Selain adanya kenaikan TDL ini, sebentar lagi, pemerintah juga akan menaikan harga bahan bakar minyak (BBM), yang tujuannya untukmengurangi subsidi. Pemerintah bertujuan mengurangi subsidi secara drastis. Karena, subsidi bertentangan dengan konsep ekonomi kapitalis. Dengan kenaikan BBM ini, lebih-lebih akan semakin terpuruknya kehidupan rakyat secara luas. Mereka akan semakin tidak mampu menghadapi tingkat hidup dengan beban, yang semakin berat.

Tentu, skenario yang paling buruk adalah kemungkinan banyaknya perusahaan yang bangkrut, akibat dari kenaikan TDL dan BBM,yang dampaknya akan terjadi PHK terhadap jutaan kaum buruh, yang sekarang ini menggantungkan hidup mereka bekerja di sektor perusahaan. Sementara itu, perusahaan yang ada terpukul akibat kenaikan TDL yang sudah berlangsung sejak 12 Juli lalu.

Pemerintah belum dapat mengurangi pengangguran yang setiap tahunnya, angka-angka pengangguran terus bertambah, dan ditambah dengan adanya kondisi perusahaan yang ada mengalami kebangkrutan dan kemudian menutup usaha mereka. Pasti ini akan mengakibatkan adanya pemutusan hubungan kerja (PHK) yang akan dilakukan perusahaan. Sebuah skenario yang sangat buruk bagi kehidupan bangsa Indonesia dan masa depan mereka.
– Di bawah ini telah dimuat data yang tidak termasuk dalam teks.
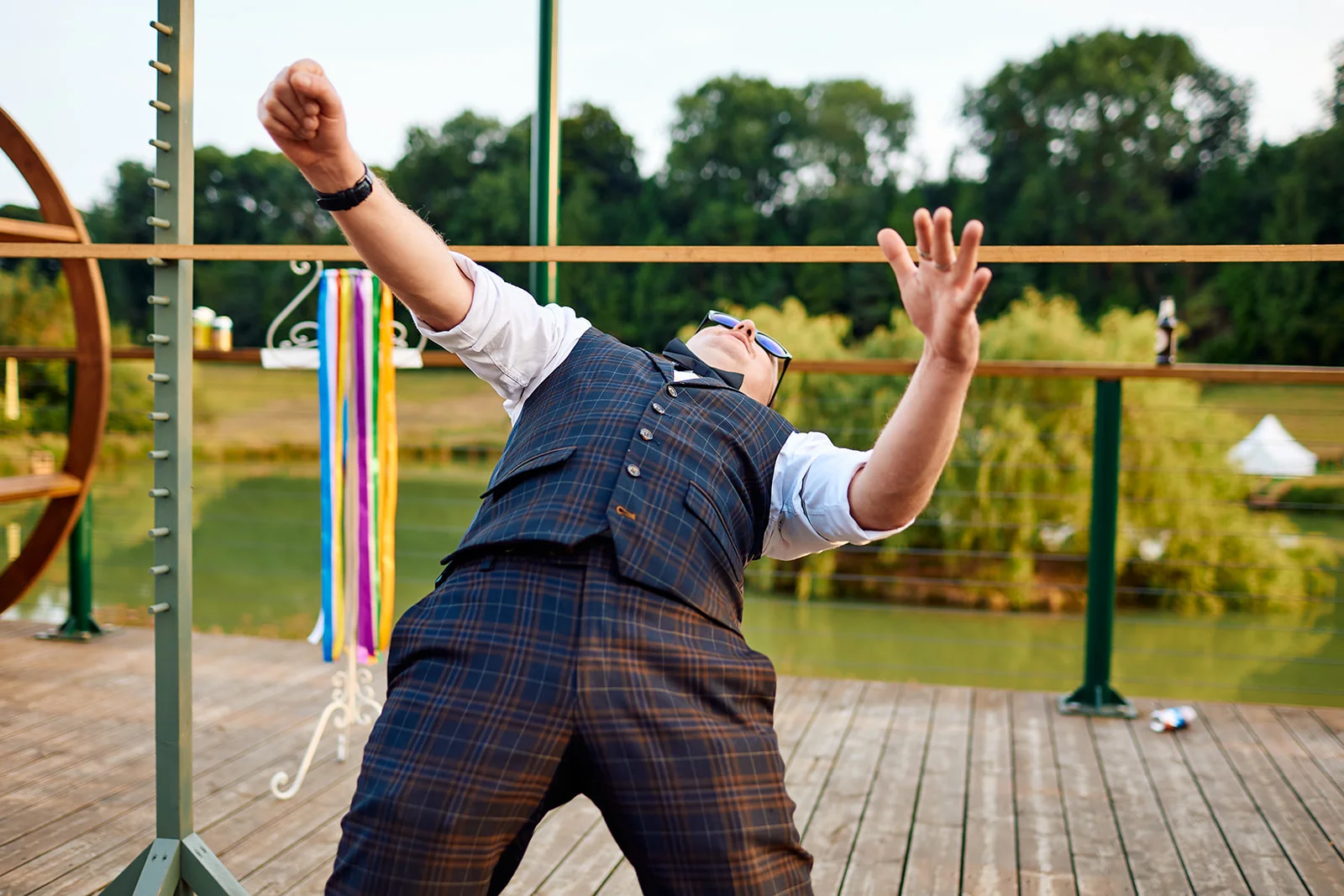 A groom in a checked waistcoat and sunglasses leans back dramatically with his arms raised in celebration on a wooden deck by a lake.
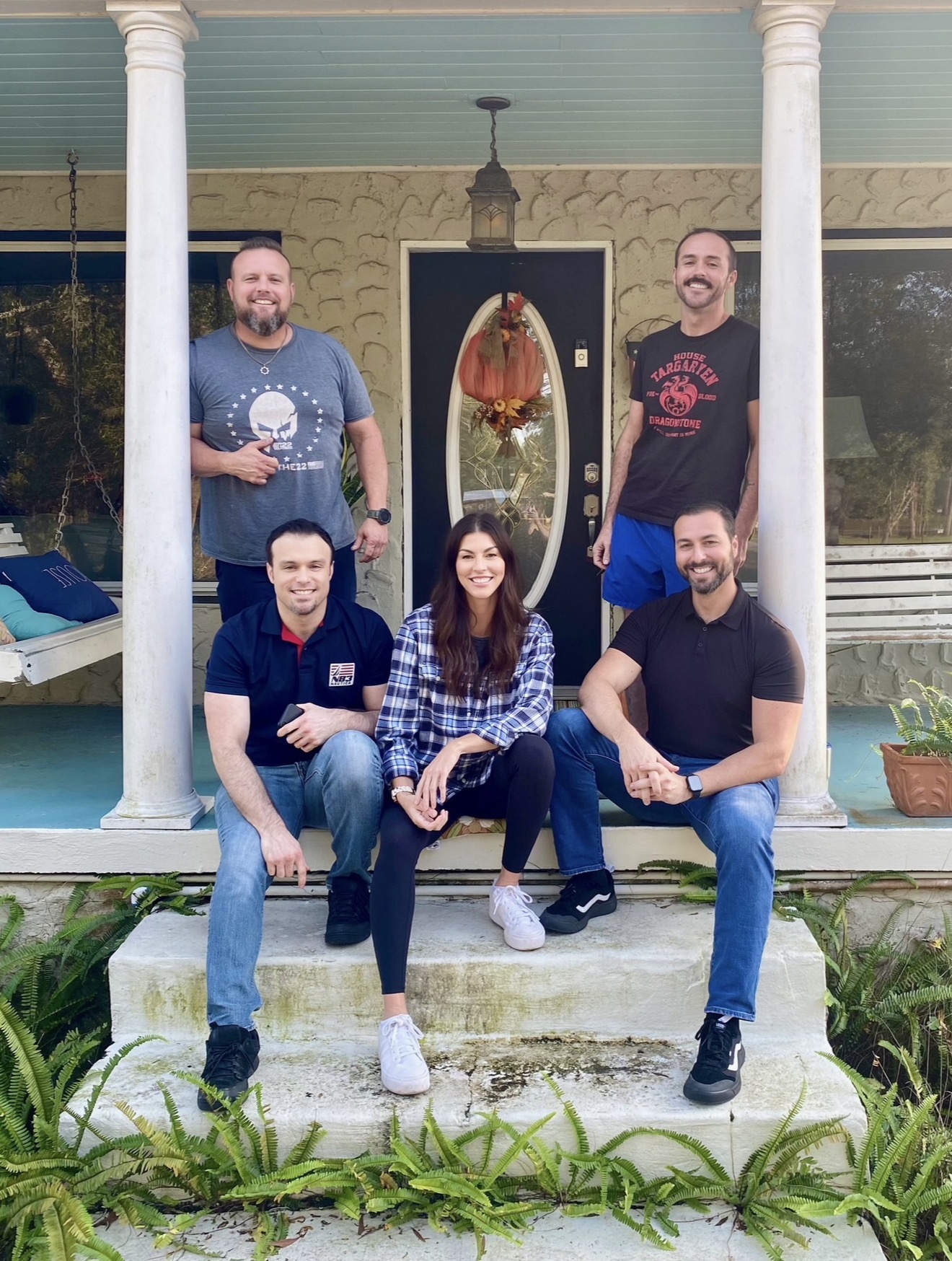 Heather with her four brothers on a front porch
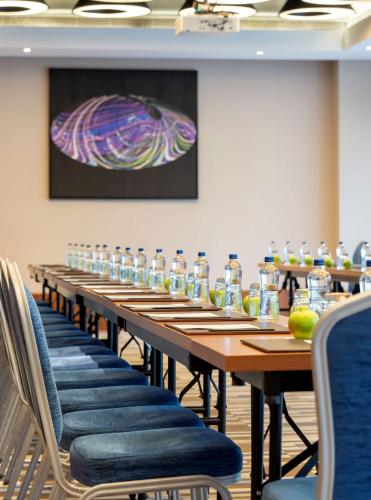 a long table with chairs and bottles of water at Radisson Blu Hotel Istanbul Asia in Istanbul
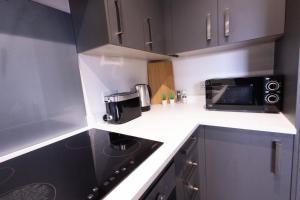 a small kitchen with a microwave and a stove at Chic City Living - Luxury Apartment in London in Hemel Hempstead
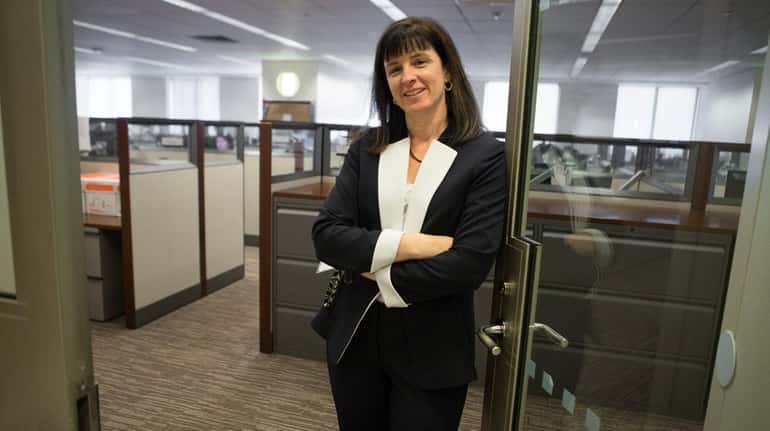 Theresa Mulder, seen here at her office at JPMorgan Chase...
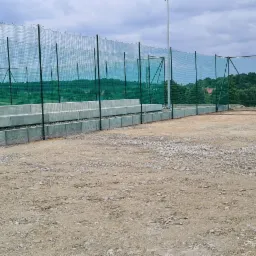 Nowo wybudowane ogrodzenie panelowe z siatki w kolorze zielonym, zabezpieczające teren sportowy z widocznymi betonowymi elementami konstrukcyjnymi i podłożem z gruzu.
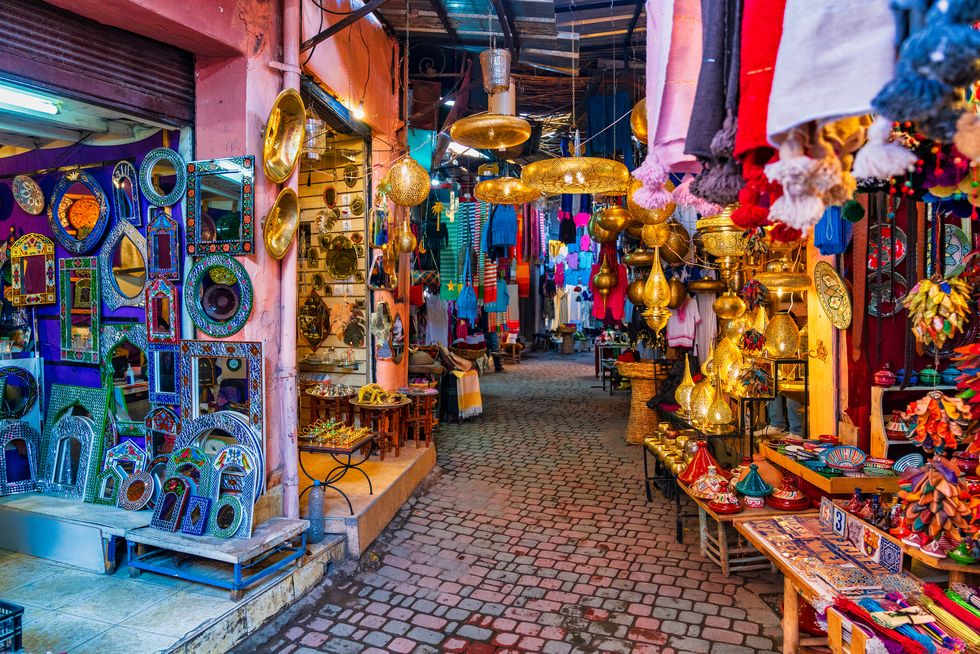 typical souk market in the medina of marrakech, morocco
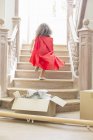 Young girl running up stairs playing — Stock Photo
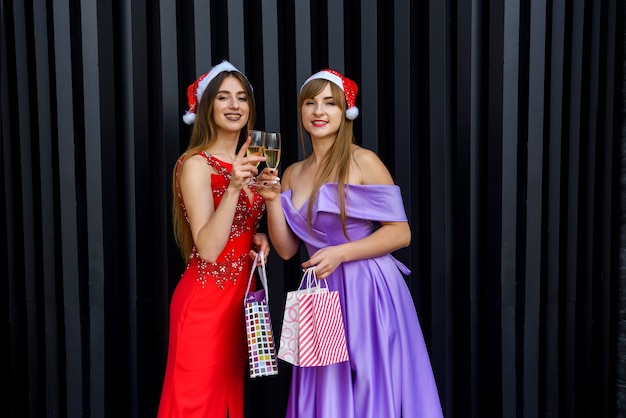 Mulher loira e morena em elegantes vestidos de noite posando com taças de champanhe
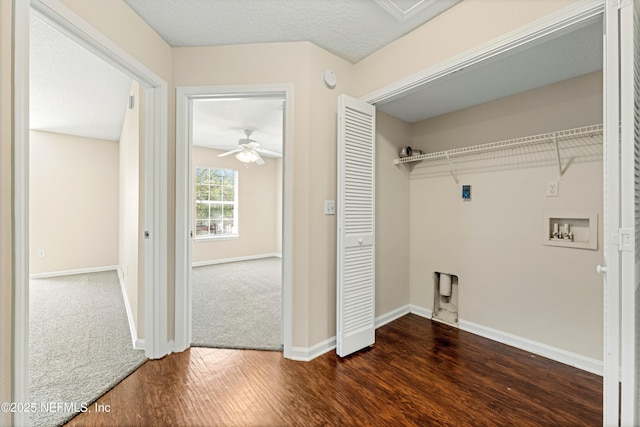 laundry room featuring dark wood finished floors, laundry area, hookup for a washing machine, electric dryer hookup, and a ceiling fan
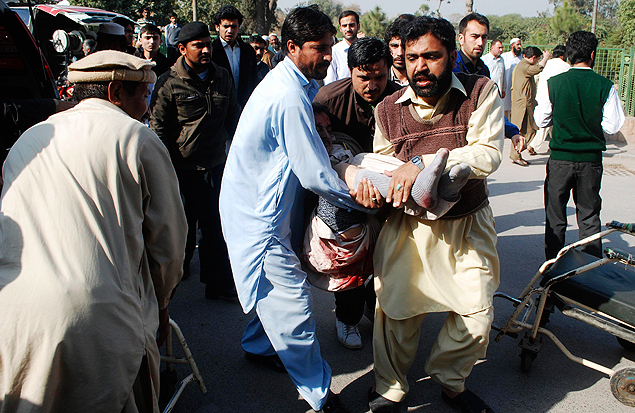 Fiis carregam corpo de um homem morto aps ataque a mesquita xiita em Peshawar, no Paquisto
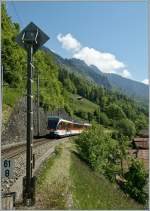 Der 130 010-2 verlsst als Regionalzug nach Meiringen die (Bedarfs)-Haltestelle Ebligen.5. Juni 2013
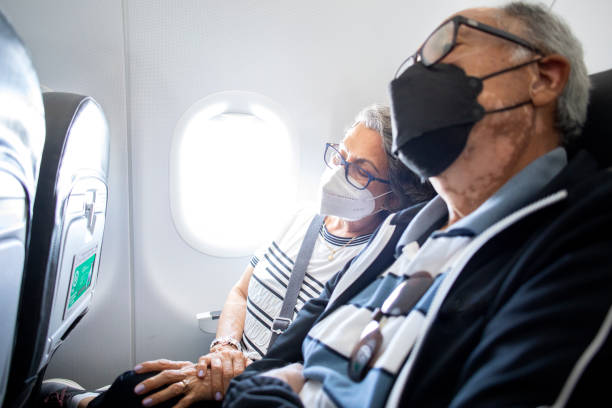 istock seniors traveling by air, asleep 1397778946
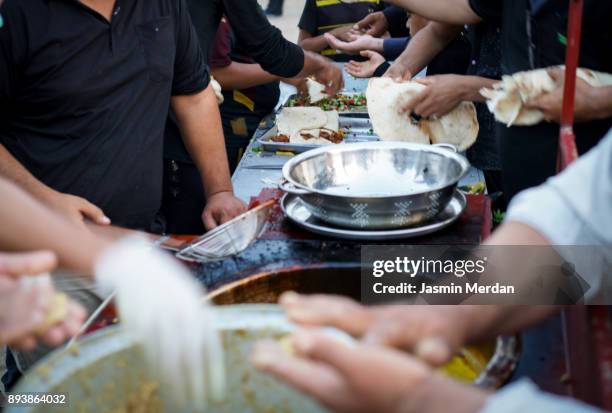 making traditional free street food distributed to people - refugee camp imagens e fotografias de stock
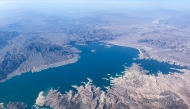 This aerial photo taken on August 6, 2026, shows low water levels in Lake Mead in Nevada. In mid-July, the combined water levels of Lake Powell and Lake Mead, the two largest reservoirs in the United States and both fed by the Colorado River, reached their lowest levels in over 60 years. The Colorado River provides drinking water for more than 40 million people and fuels hydropower across seven states. (Photo by Eva Claire HAMBACH / AFP)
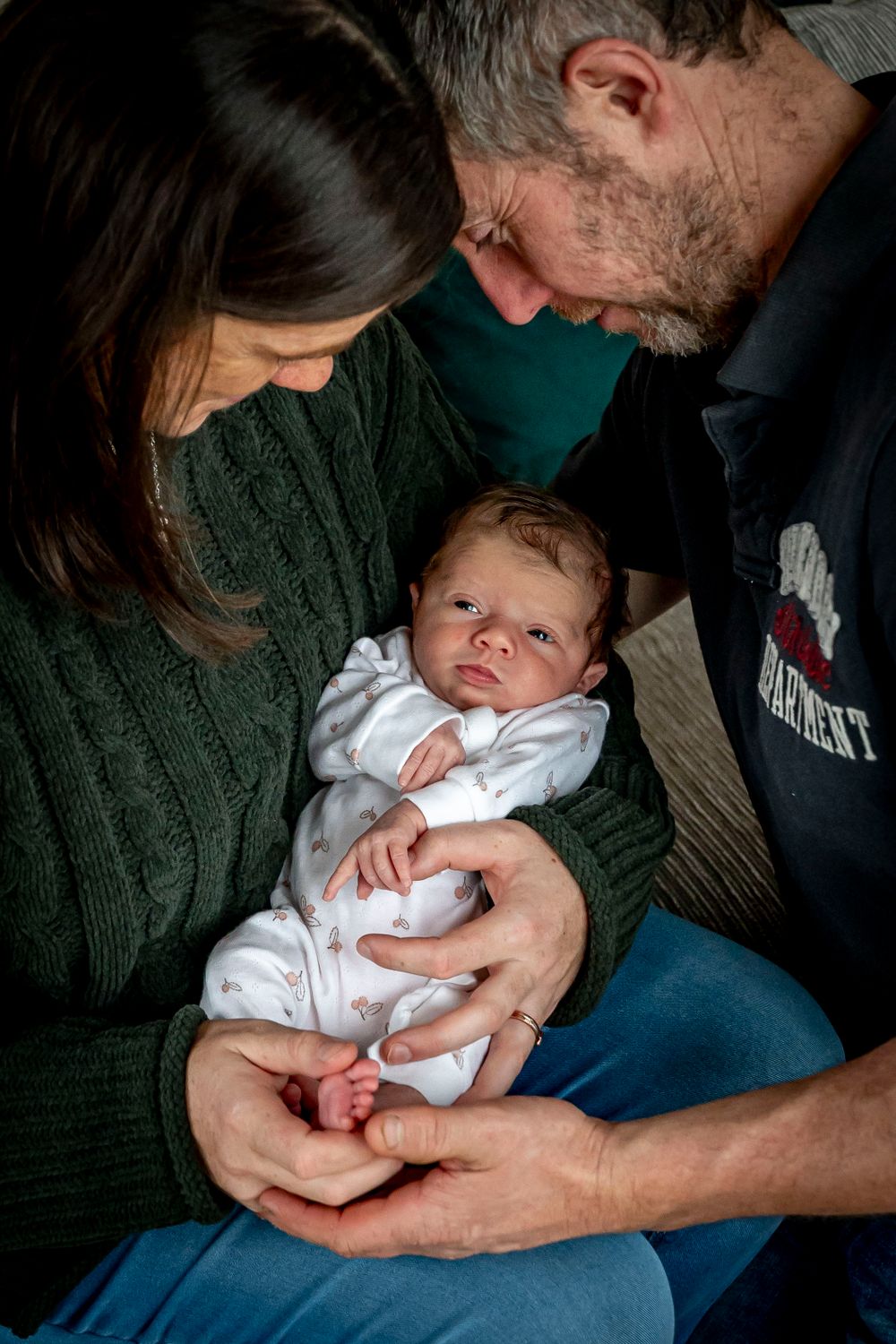 eleanor barry photography newborn waterford munster baby asleep in mams arms sitting on couch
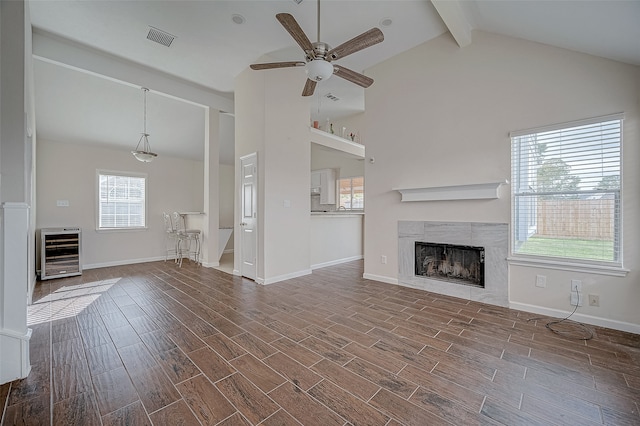 unfurnished living room featuring hardwood / wood-style floors, ceiling fan, and a healthy amount of sunlight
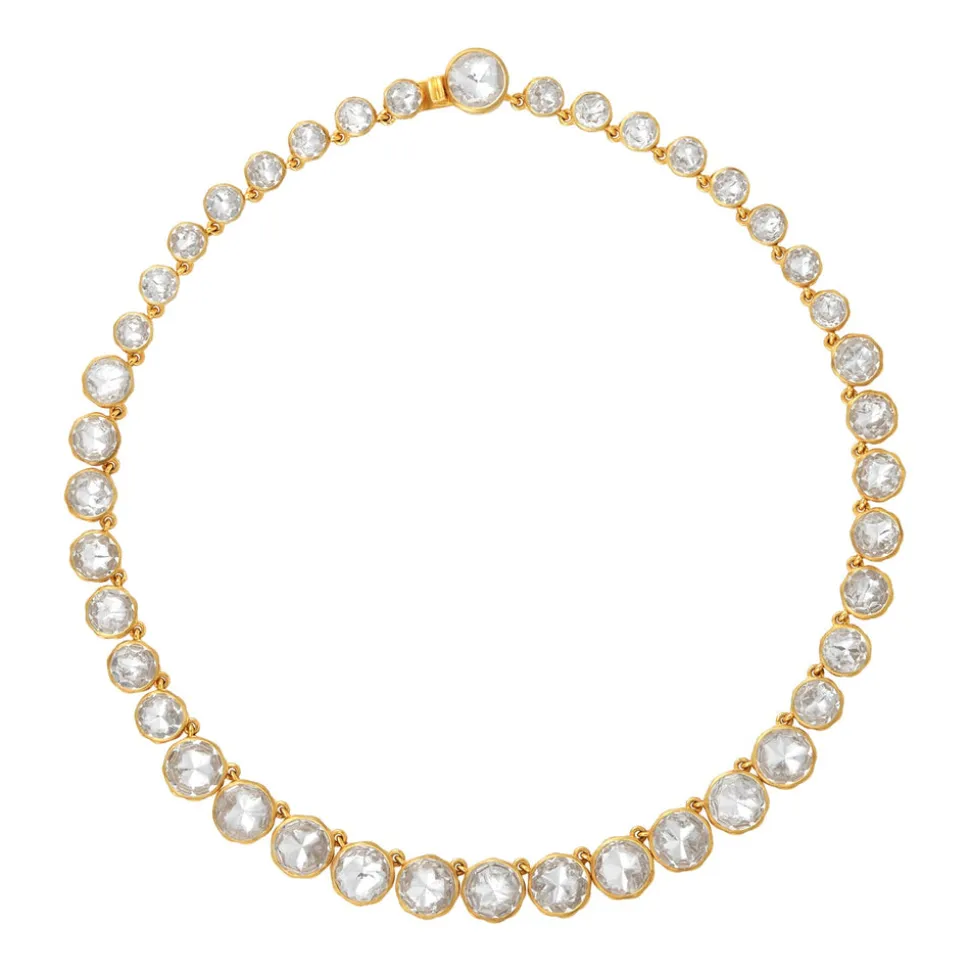 Catherine Round Rivière in White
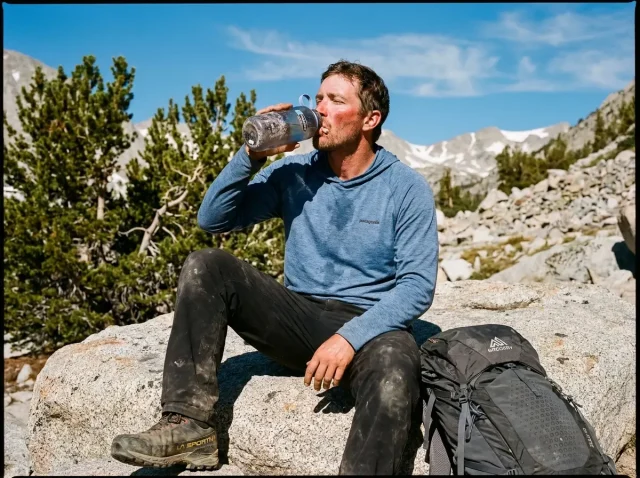 hiker-drinking-water-high-altitude-ridge Exhausted hiker drinking from water bottle on a high altitude rocky ridge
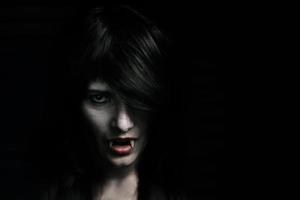 Halloween-Vampir schöne Frau über schwarz foto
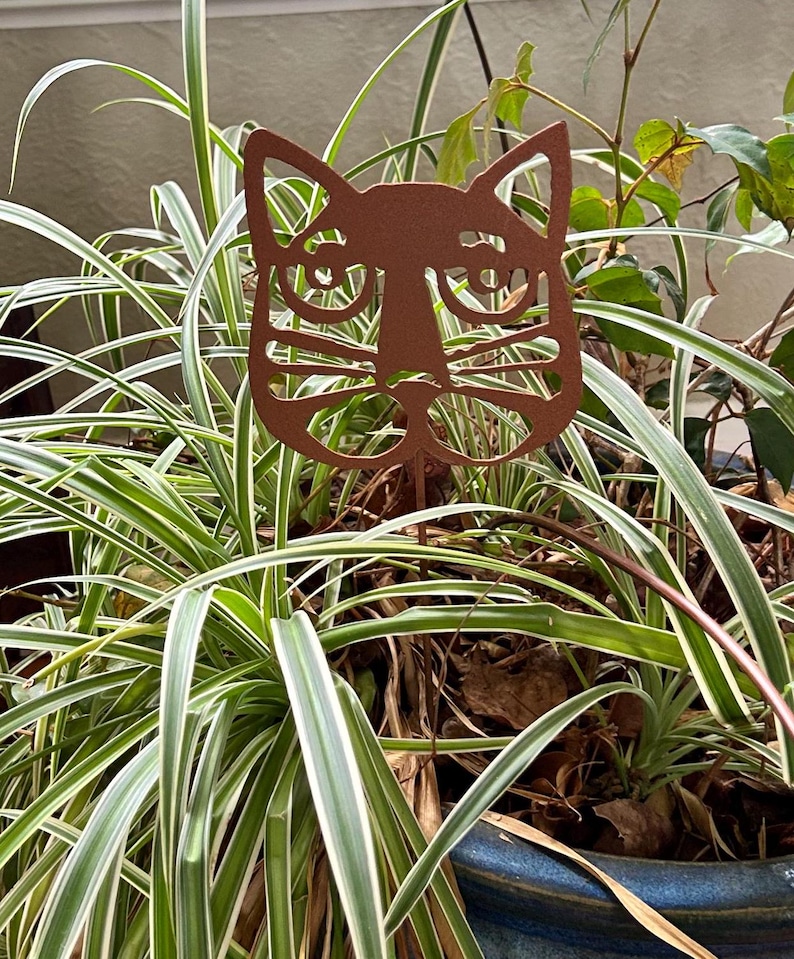 May include: A metal garden stake featuring a stylized cat face with a copper finish. The cat's eyes are large and round, and its whiskers are detailed. The stake is inserted into a potted plant with green and white striped leaves.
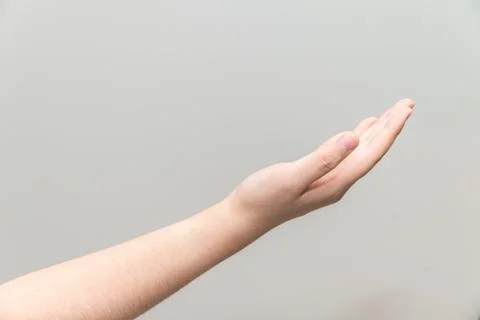 Hand with open palm facing up Stock Photos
Di bulan Juli dan Agustus ini, para orang tua, juga dihadapkan tahun ajaran baru di semua tingkatan, dari sekolah dasar sampai perguruan tinggi. Semuanya membutuhkan dana yang tidak sedikit. Sementara itu, para orang tua, yang dari kalangan marginal, jangankan memikirkan biaya sekolah, menghadapi kebutuhan untuk mempertahankan hidup sehari-hari mereka sudah sangat pahit. Tidak mungkin mereka dapat menjalani kehidupan mereka. Termasuk memberikan pendidikan kepada anak-anak mereka dengan kondisi ini. Mereka akan semakin jauh dari harapan untuk dapat hidup layak, dan dapat memberikan pendidikan kepada anak-anak mereka, karena kondisi yang mereka hadapi akibat kebijakan pemerintah terus mereduksi (menggeroroti) kemampuan mereka untuk dapat bertahan hidup. Semakin hari seperti seakan-akan pemerintah ini sudah tidak mampu melindungi dan memberikan kesejahteraan bagi rakyatnya.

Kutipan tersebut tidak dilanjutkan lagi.